== Required action ==
Would you print the lines below exactly, beginning at the line that has "Velcro thumbnail 5" and stopping after the line that has "Janson aus Enzweihingen."? Only those lines, and no pictures.

== Supplied entries ==
# # # # #

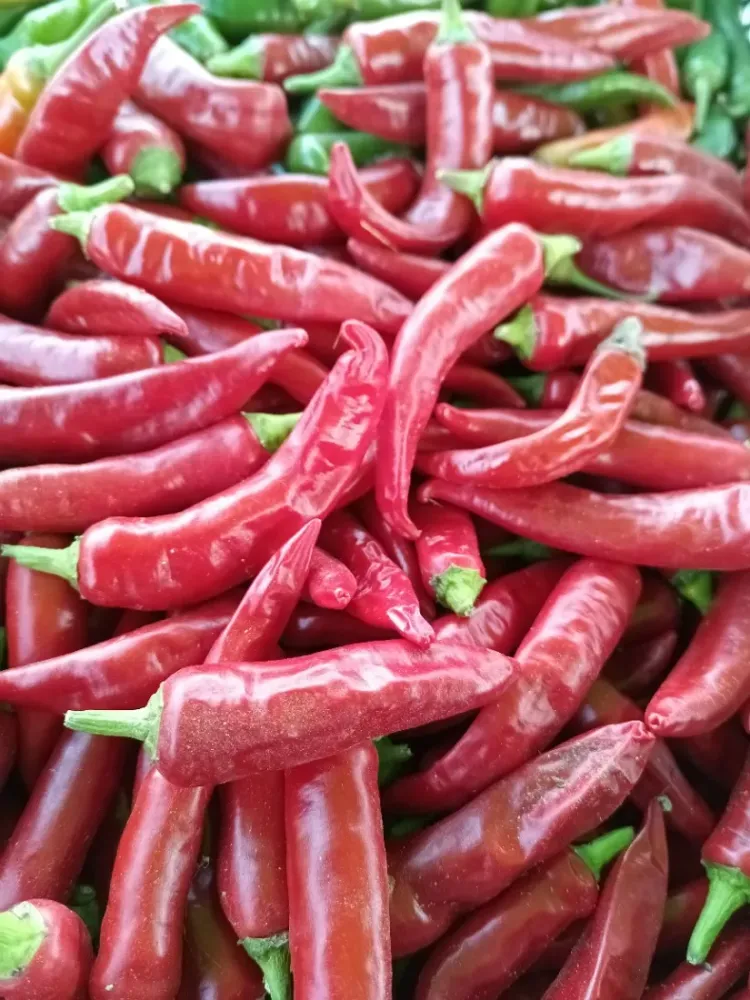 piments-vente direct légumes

# # # # #

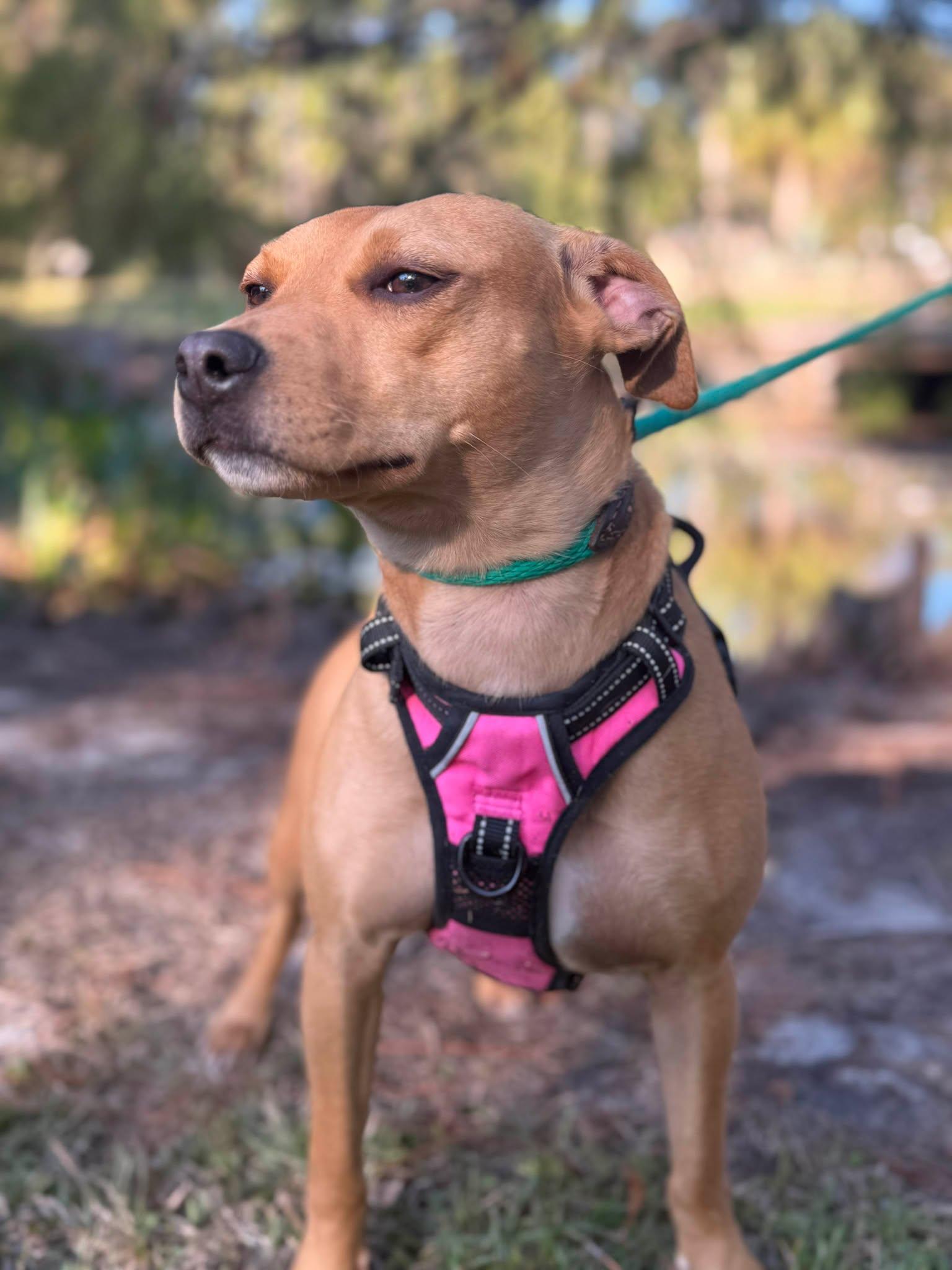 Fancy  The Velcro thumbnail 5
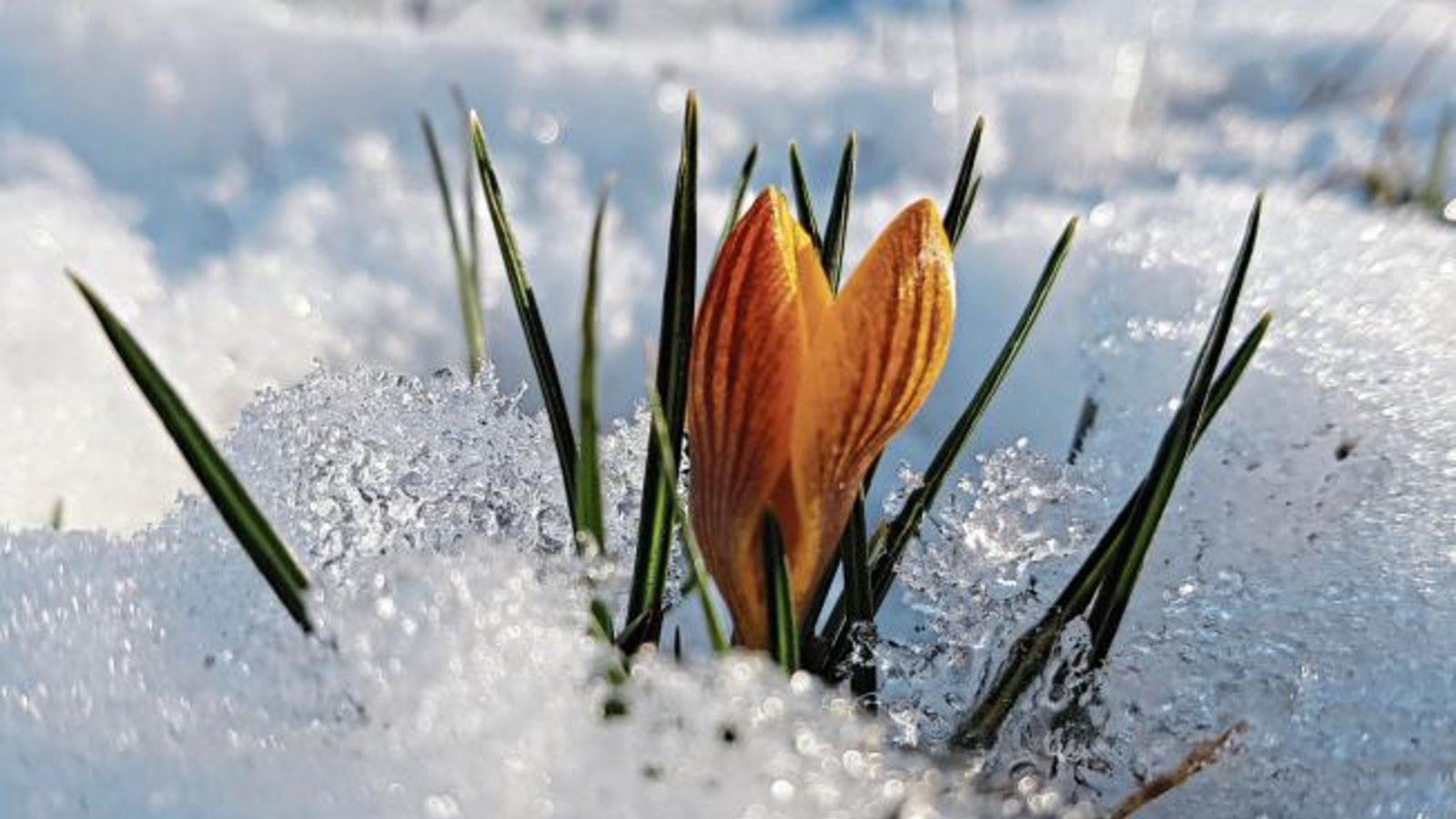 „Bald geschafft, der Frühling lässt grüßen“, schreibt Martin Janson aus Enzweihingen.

# # # # #

== Final answer ==
 Fancy  The Velcro thumbnail 5
 „Bald geschafft, der Frühling lässt grüßen“, schreibt Martin Janson aus Enzweihingen.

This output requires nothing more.